Offrir un vélo au Préfet parce qu’il annonce une sévérité accrue auprès des cyclistes, c’est un résumé de cette méthode.
Face à une parole publique qui discrédite un engagement fondamental des écologistes, un “nous”, un collectif plutôt rodé à de “l’activisme”, décide de réagir, et de réagir vite. Il invente un processus médiatique, au sens où il espère que la forme de l’action permettra qu’elle soit relayée par les médias, et que cette forme médiatisable permettra non pas de masquer, comme trop souvent, mais au contraire de mettre en valeur le fond et les idées.
Le collectif enrôle des acteurs associatifs, qui ne travaillent pas forcément ensemble, et qui seraient réticents à se mettre sous une bannière partisane.
Il leur propose d’être une caisse de résonance, qui favorisera leur expression publique, et renforcera leur légitimité à être des interlocuteurs publics.

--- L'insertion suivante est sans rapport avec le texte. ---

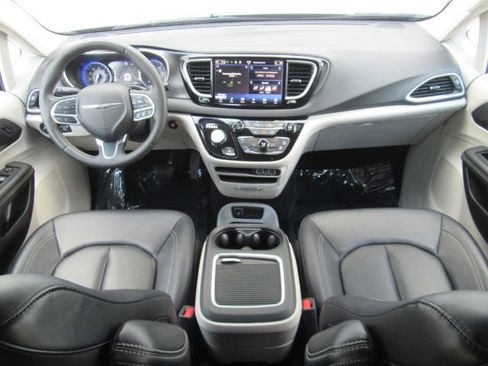 Used 2024 Chrysler Pacifica Touring-L image 3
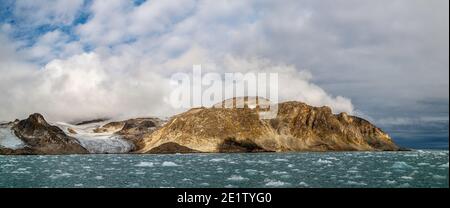 Ghiaccio, ghiacciai e costa di Hamilton Bay, Svalbard Foto Stock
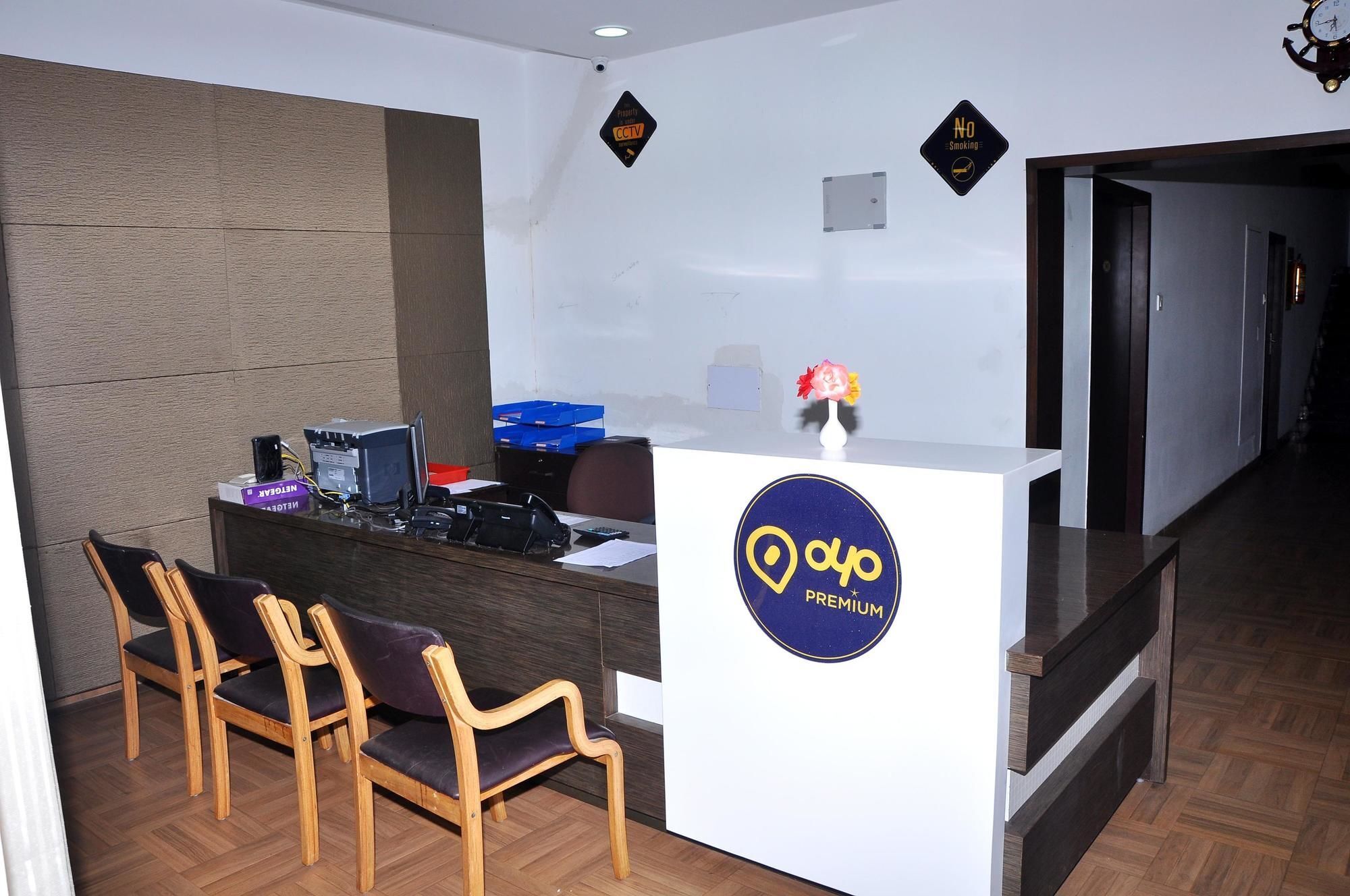Oyo Premium Observatory Road Hotel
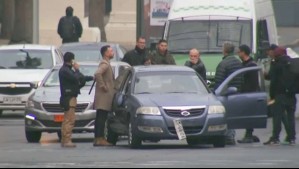 Altercado en la Alameda: Vehículo chocó contra barreras de contención y conductor fue detenido por Carabineros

Il ne se substitue pas à eux, il ne leur fait pas écran. Il met à leur disposition sa rapidité d’action et sa capacité à communiquer.
L’action est construite ensemble, par un va-et-vient pour valider le message, les objectifs et les modalités concrètes, là encore dans une cohérence entre le fond et la forme.
L’action est réussie si le message est largement diffusé et relayé par les médias, si l’interlocuteur comprend la nécessité d’un dialogue avec les acteurs associatifs, et si ces derniers peuvent enclencher une dynamique de construction de politiques publiques plus efficace à la suite.
Et si la confiance est renforcée entre les partenaires de l’action.
Et si l’action des différents relais donne à d’autres l’envie de participer et de s’engager dans le même sens.
Ça, c’est de l’écologie politique de masse. Comme je l’aime.